Stage 6 / Elimination Transfers
No surprises that if you eliminate one Labour candidate, most of their votes transfer to the other. That catapults the first Labour candidate over the quota, meaning we’ve now elected 3 of 4 councillors for the ward. There’s one seat left to go, and a surplus to transfer that could make the difference.
Stage 7 / Surplus Transfers
Labour’s surplus was 320.8 of 2378.8, so all votes transfer with a value of 0.135. That’s where things get a bit complicated, because some of those votes were already surplus votes – so for example, a vote that had started with the Conservatives would now transfer at 0.135 of 0.132! The gap between the Green and second SNP candidate narrows very slightly here, meaning more Labour votes went SNP than Green at this stage. However, the majority of ballots exhausted (i.e. nobody marked on them was still in the running to transfer to.)

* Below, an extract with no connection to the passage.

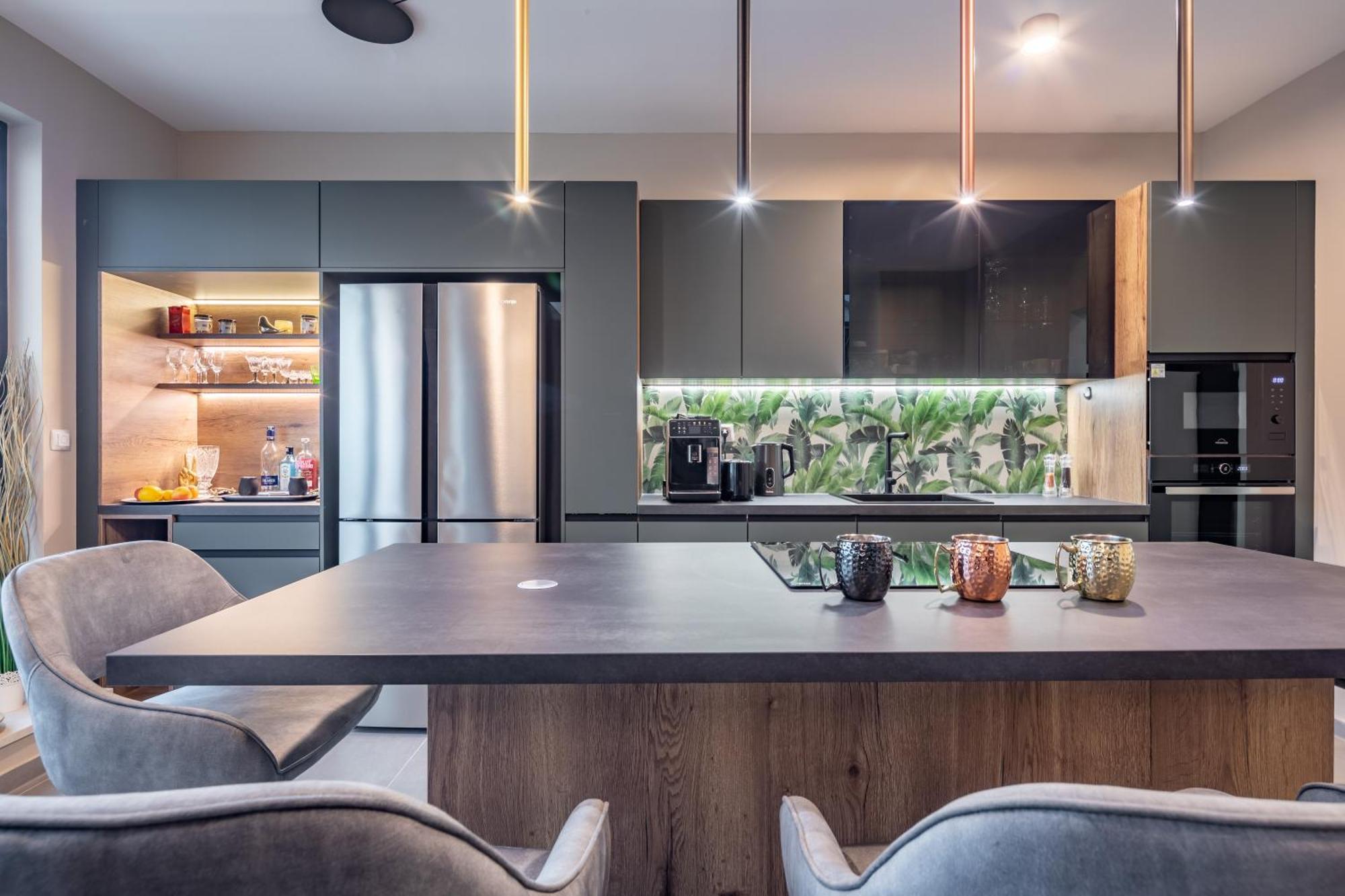 Luxury Penthouse W Garage - Centre Apartamento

Neither of the remaining two candidates have reached quota, but of course only one can win the remaining seat, and there are no other votes to transfer from anyone else. We can therefore mathematically say at this point that the Green has been elected, and we know all 4 councillors. However, because Scotland uses machines to do these counts, they strictly follow the rule requiring a quota, and thus eliminate the second SNP candidate anyway.
Stage 8 / Elimination Transfers
Most of those SNP votes do find there way into the Green pile, easily tipping them over the quota. However, remember this round is just the machine being thorough, and it doesn’t really mean anything – the Green was guaranteed election at stage 7. Even if they hadn’t made quota here, they would have been elected as last candidate standing.
The four councillors elected for Pollokshields in 2017 therefore ended up being 1 SNP, 1 Conservative, 1 Labour and 1 Green. That helped ensure a broad spectrum of views were represented. By contrast, had the ward been split into 4 wards using FPTP, there’s a very good chance all 4 would have elected SNP councillors, leaving most voters without proper representation in the council.